All safety cases were made public, and a transparent and open approach was used during the project. UKAEA ensured that the local community was kept informed at all times by holding several public meetings, publishing and distributing newsletters, and setting up an e-mail network. Pressure groups were also allowed onto the site to conduct their own assessments.

Phased clean-up

Buildings and surface wastes were removed in the 1980s. In the 1990s extensive surveys were completed to plan final restoration of the site.
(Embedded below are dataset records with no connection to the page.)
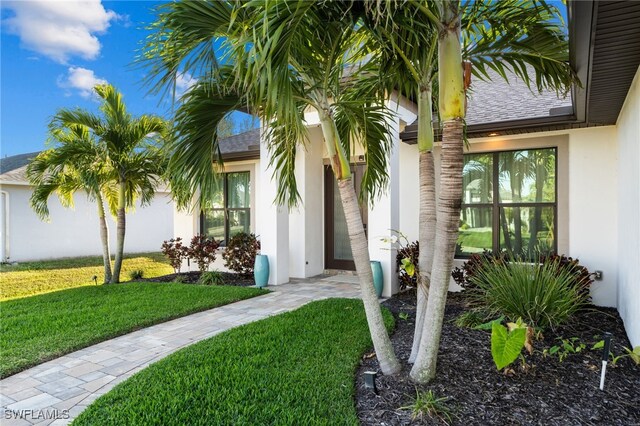 entrance to property with a lawn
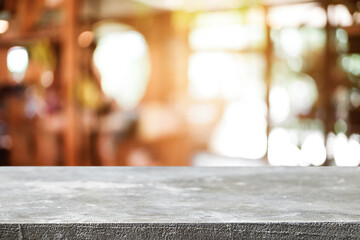 Empty wooden table space platform and blurred resturant or coffee shop background for product display montage.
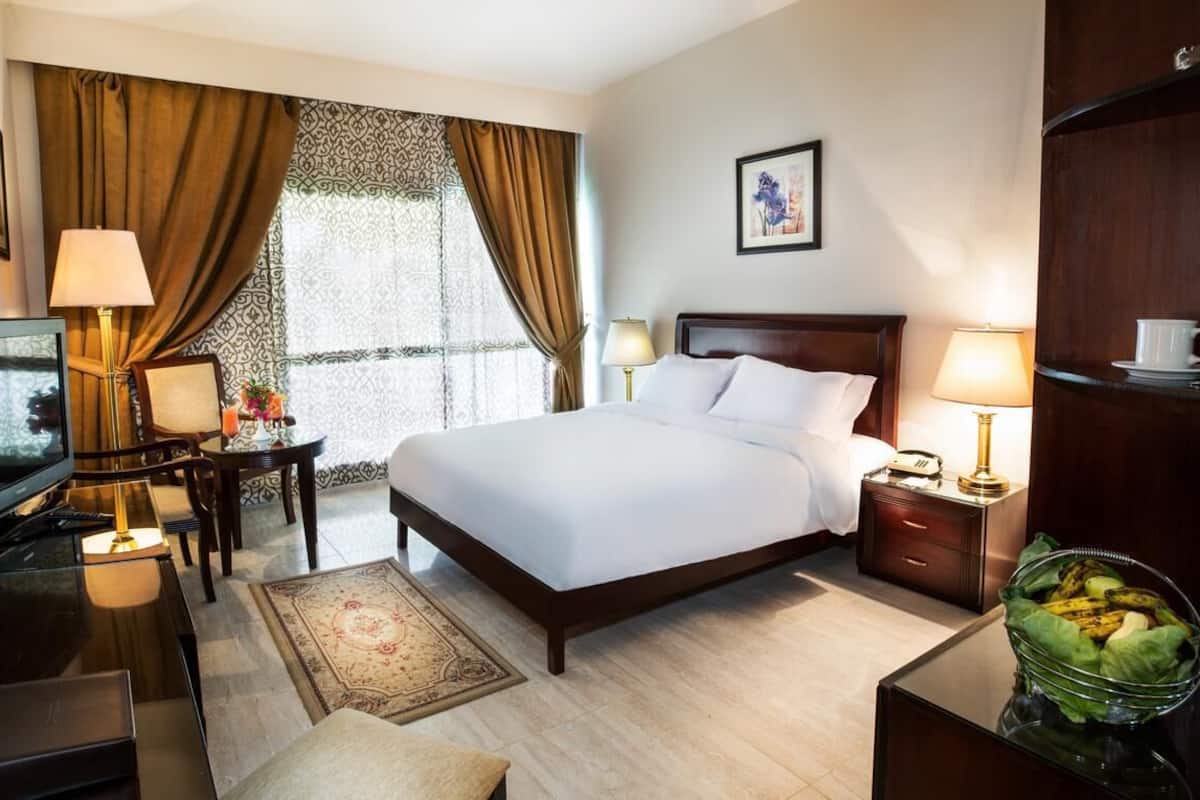 Una habitación de hotel con cama, mesitas de noche, un escritorio con lámpara, televisor, mesa de centro y un cuenco decorativo.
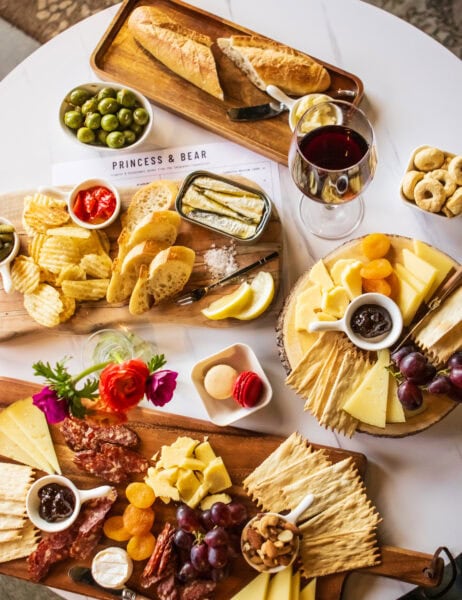 Cheese and charcuterie platter with wine, bread, grapes, and olives for wine pairing.
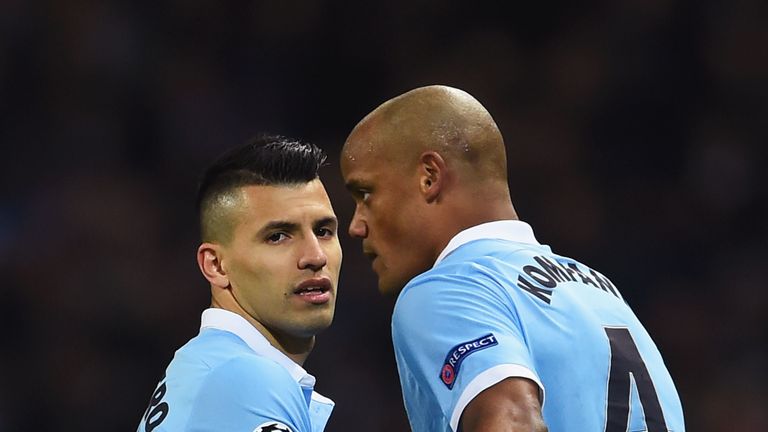 MANCHESTER, ENGLAND - MARCH 15:  An injured Vincent Kompany of Manchester City (4) speaks to Sergio Aguero of Manchester City as he leaves the pitch during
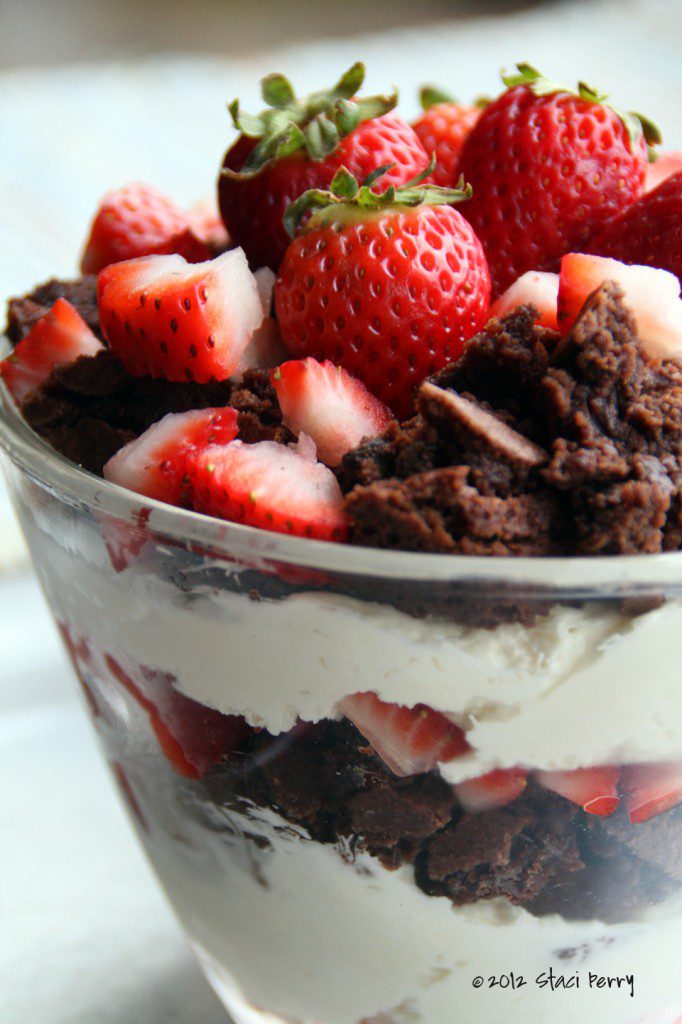 bowl with layers of white chocolate and cream cheese cream, brownies, and sliced strawberries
This included surveying all the pits, and carrying out air and soil surveys to provide a background baseline. The main liabilities of the SSA were:

• Six unlined chemical pits (totalling about 1000m3) that contained laboratory wastes, including low levels of radioactivity, and which were responsible for historical low-level chemical groundwater pollution.

• Five beryllium pits (totalling about 5000m3) that contained beryllium-contaminated materials, poly-chlorinated biphenyl materials (PCBs) and mercury wastes.

• The rest of the SSA required thorough checking before it could be declared clean.

• An additional hazard at the former munitions storage site was the likelihood of the presence of explosive devices.

A groundwater treatment plant had been set up on the site in 1995, and groundwater samples were regularly monitored (via boreholes). The physical works began about two years ago and were carried out by about 40 contractor personnel from RWE Nukem and VHE Construction under a small UKAEA project management team.

Excavations at the former "bomb dump" (as the SSA is referred to by the local population) uncovered around 1100 small live practice bombs, 12,000 rounds of small arms munitions, several 500kg and 750kg bomb casings and other devices that included flares, fuses, a depth charge and several mines. Twenty five controlled explosions were carried out during the project.

For each contaminated area, samples were taken and hotspots removed, before a 300mm layer was removed and the process repeated. Excavation of the pit wastes took place within tented enclosures and used methods that prevent dust generation. All the excavated waste was examined, classified and disposed of accordingly. About 250,000m3 of soil at the SSA was sorted through, of which 250m3 was classified as low-level radioactive waste. About 12,000m3 of other waste was classified as exempt radioactive, and therefore did not have to be sent to a radwaste facility. In total, 23 ISO containers were required, costing around £40,000 per container for characterisation and disposal at a licensed site.

The principal hazard to members of the public was the accidental release of hazardous dusts from the site. The process of removing the wastes from the pits and digging over the rest of the site to search for other wastes was carefully monitored and subject to independent regulation.

The final use of the site has not yet been decided. Work has begun on re-landscaping, and this will be followed by a programme of grass and tree planting. The land has been restored - without any release of hazardous materials during the project - to a condition where it could be used as a public recreation area.